Batı ile İletişim Halinde Olmak İtibarını Yitirmiştir

Sa, 27/08/2019 - 08:36

Yerli üretim, ekonomik sorunları çözmenin anahtarıdır. Bu anahtarı ekonomik sorunlar kilidinde elde etmek ve çevirmek kolay değildir ama bunu yapmak gerekir.

Welayet News - Muhammed İmani Keyhan Gazetesinde kaleme aldığı yazısında şu ifadelerde bulundu:

1-    2013-2014 yıllarında, müzakerelerin zirvesinde, bazı yöneticiler ve analistler tarafından düşmanın barış arayışına girdiği ve müzakere ile uzlaşıya varılabileceği yönünde bir algı oluştu. Ancak barışın iki tarafı vardır ve diğer taraf da barış arayışı içinde olmalı ve düşmanlığı sonlandırmak için gerekli güvenceyi vermelidir. Barış sözü karşılıklı ve dengeli olmalıdır ve bu barış, vakit öldürmek, düşmana zaman kazandırmak olmamalıdır ve taraf, barış havasında uykuya dalmamalıdır.
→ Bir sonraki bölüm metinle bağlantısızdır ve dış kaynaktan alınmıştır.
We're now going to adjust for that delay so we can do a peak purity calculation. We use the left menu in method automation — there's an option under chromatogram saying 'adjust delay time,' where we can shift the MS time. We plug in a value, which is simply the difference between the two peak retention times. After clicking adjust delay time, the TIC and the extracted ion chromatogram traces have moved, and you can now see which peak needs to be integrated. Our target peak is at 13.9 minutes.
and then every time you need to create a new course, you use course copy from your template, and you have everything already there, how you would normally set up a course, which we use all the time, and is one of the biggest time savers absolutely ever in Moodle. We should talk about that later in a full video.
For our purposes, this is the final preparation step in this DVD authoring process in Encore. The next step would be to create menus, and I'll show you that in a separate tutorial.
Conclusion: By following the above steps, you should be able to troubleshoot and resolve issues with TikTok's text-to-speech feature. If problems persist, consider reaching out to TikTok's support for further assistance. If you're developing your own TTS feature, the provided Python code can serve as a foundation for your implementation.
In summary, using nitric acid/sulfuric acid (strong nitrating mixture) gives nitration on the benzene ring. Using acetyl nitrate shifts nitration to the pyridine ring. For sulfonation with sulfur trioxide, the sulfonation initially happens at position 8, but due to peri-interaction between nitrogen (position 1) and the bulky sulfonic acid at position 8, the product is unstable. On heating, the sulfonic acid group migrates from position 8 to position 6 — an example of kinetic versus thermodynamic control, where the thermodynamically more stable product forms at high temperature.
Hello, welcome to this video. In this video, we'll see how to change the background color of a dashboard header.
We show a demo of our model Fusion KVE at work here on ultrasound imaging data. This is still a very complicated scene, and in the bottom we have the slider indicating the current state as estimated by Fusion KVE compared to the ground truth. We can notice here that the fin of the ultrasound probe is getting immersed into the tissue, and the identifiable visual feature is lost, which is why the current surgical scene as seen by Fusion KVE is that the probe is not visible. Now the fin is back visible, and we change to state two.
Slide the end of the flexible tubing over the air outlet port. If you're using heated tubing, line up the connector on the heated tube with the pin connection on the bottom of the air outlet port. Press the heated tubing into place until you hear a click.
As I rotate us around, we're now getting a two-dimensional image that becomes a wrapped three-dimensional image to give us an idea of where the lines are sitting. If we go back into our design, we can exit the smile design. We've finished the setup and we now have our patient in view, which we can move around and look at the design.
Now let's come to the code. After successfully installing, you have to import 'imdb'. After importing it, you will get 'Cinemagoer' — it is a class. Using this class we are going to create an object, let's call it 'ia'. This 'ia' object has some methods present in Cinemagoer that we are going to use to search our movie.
2-    Böyle bir barışın en akıllıca formülünü İmam Ali as açıklıyor ve şöyle buyuruyor:

‘ولا تدفعنّ صلحا دعاک الیه عدوّک للَّه فیه رضا، فإنّ فی الصّلح دعهًْ لجنودک، و راحة من همومک، و أمنا لبلادک’

“İçinde Allah rızası olan ve düşmanın sunduğu bir barışı reddetme, çünkü barış, ordunun huzura ermesine, sıkıntılardan kurtulmaya ve şehirlerinizin güvenliğine sebep olur.” Hazret Ali bu sözlerin ardından hemen şöyle buyuruyor:

“ولکن الحذر کلّ الحذر من عدوّک بعد صلحه، فإنّ العدوّ ربّما قارب لیتغفّل فخذ بالحزم و اتّهم فی ذلک حسن الظّنّ

“Ama barışın ardından düşmana çok dikkat edin, yakınlaşıp ansızın sizi gafil avlayabilir. Bu nedenle, tedbirli ve ileri görüşlü olun ve bu konuda hüsnü zandan uzak durun.’

3-    Maalesef saygıdeğer hükümet hem bu anlaşmanın yazılmasında ve hem de sonrasında bu gerekli formüle yeterince dikkat etmemiştir. Düşman yıllardır kapsamlı bir savaş içerisindedir ama bu tarafta, hala sadece hayal ve sorumluluktan kaçış içinde ve barış sevdasında olan ve uzlaşı ve barış rüyası gören kişiler var. Aylardır “Ülkeler deli mi ki, sizin gibi anlaşmayı ihlal edenlerle müzakere yapsın” “Batı ile iletişim halinde olmak İran kamuoyu nezdinde itibarını yitirmiştir”, “Avrupa, on bir taahhüdün hiçbirini yerine getirmedi”, “Nükleer Anlaşma’dan sonra Londra’da hatta bir banka hesabı bile açtıramadık”, İran petrol tankerlerinin İngilizler tarafından alı konulması Nükleer Anlaşmanın ihlaliydi; bu anlaşmayı imzalamamalıydık” tarzında bir edebiyatı, Sayın Ruhani, Sayın Zarif ve Sayın Şemhani gibi kişilerden işitiyoruz. İş öyle bir boyuta vardı ki, Amerika ile müzakere imkânı olduğunu düşünen danışmanlardan olan Sayın Seri’ül Kalem şunları söyledi: ‘Hukuki olarak ve Amerika iç politikası açısından Nükleer Anlaşmanın temelleri zayıftır ve bunun kırılganlığı Amerika’yı tanıyan herkes için ortadadır.

 

Ancak hükümetin ve Dışişleri Bakanlığının politikası bu karar ve değerlendirmelere oldukça aykırıdır. Aynı zamanda, özellikle Airbus ve Peugeot anlaşmalarını ihlal eden Fransa olmak üzere Avrupa ülkeleri ve utanmaz ve anormal bir hükümet olan Amerika ile müzakereye hatta diplomatik hareketler çerçevesinde bakmak, ekonomi yönetiminin kaybolan kilidini New York ve Paris etrafında bulma arzusu içerisinde olmaktır!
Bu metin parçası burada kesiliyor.